-- GIVEN ENTRIES --

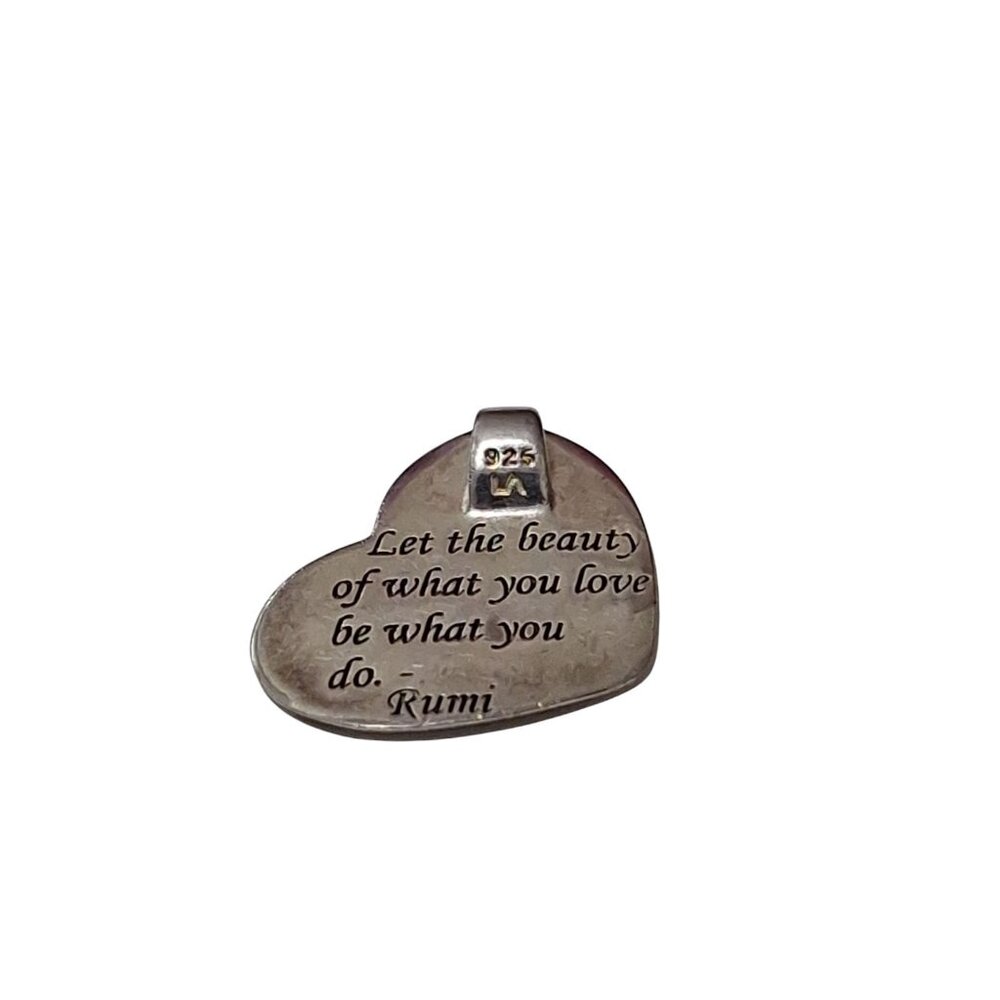 Sterling Silver 925 LA Heart Pendant Charm With Inspirational Saying 3.4g - Picture 4 of 7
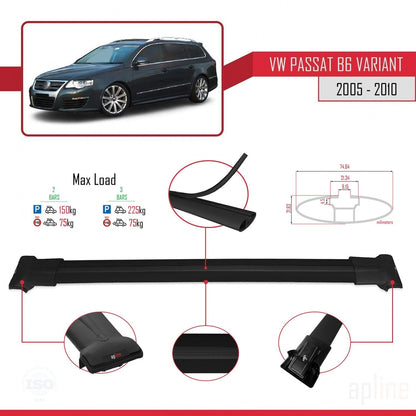 Compatible with Volkswagen Passat B6 (3C) Variant 2005-2010 Fly Model Car Roof Rack Cross Bar Black Aluminium 2 Bars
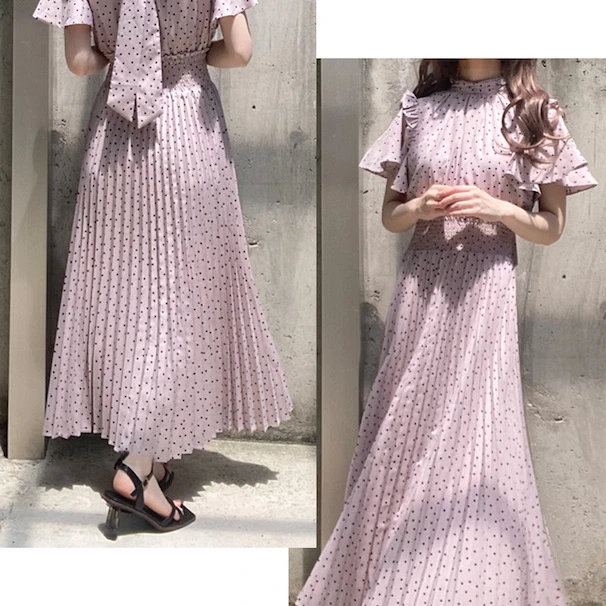 现*  花糖家 日系定制GRL甜美荷叶边波点蝴蝶结百褶连衣裙al142a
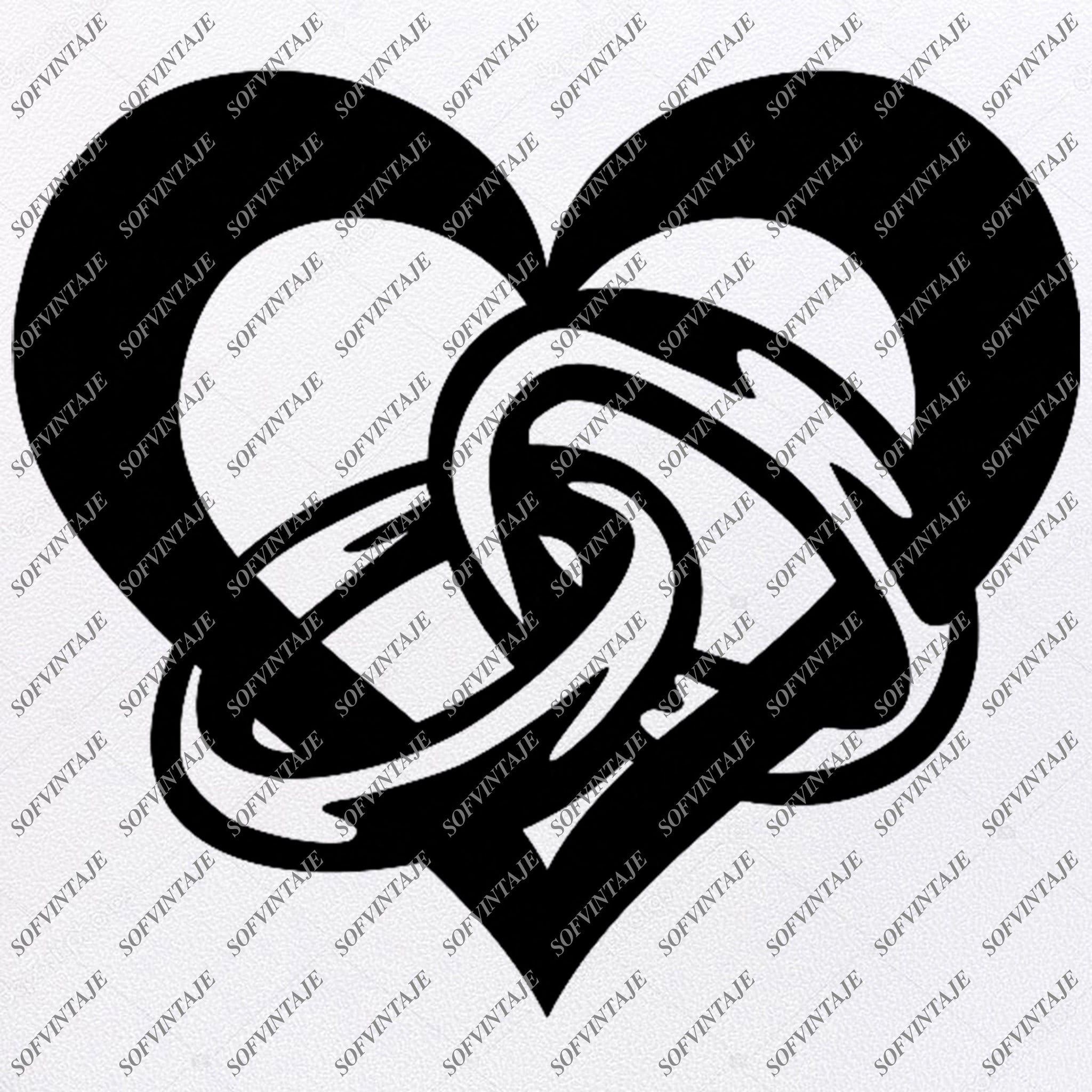 Download Heart With Two Wedding Ring Svg File Heart Romance Love Original Svg Sofvintaje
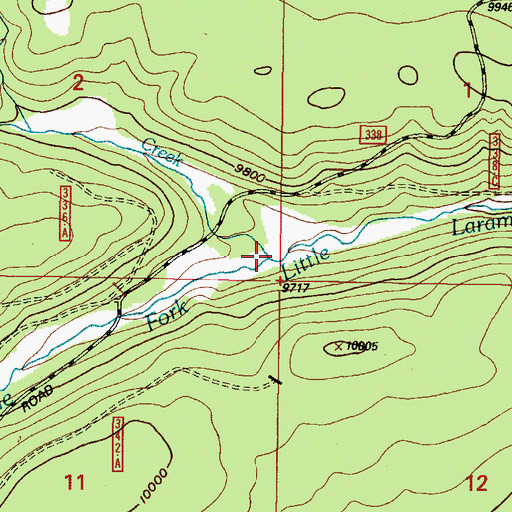 Topographic Map of Jim Creek, WY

-- REQUIRED WORK --
Please give every line above again word for word, apart from the pictures.

-- COMPLETED TASK --
 Sterling Silver 925 LA Heart Pendant Charm With Inspirational Saying 3.4g - Picture 4 of 7
 Compatible with Volkswagen Passat B6 (3C) Variant 2005-2010 Fly Model Car Roof Rack Cross Bar Black Aluminium 2 Bars
 现*  花糖家 日系定制GRL甜美荷叶边波点蝴蝶结百褶连衣裙al142a
 Download Heart With Two Wedding Ring Svg File Heart Romance Love Original Svg Sofvintaje
 Topographic Map of Jim Creek, WY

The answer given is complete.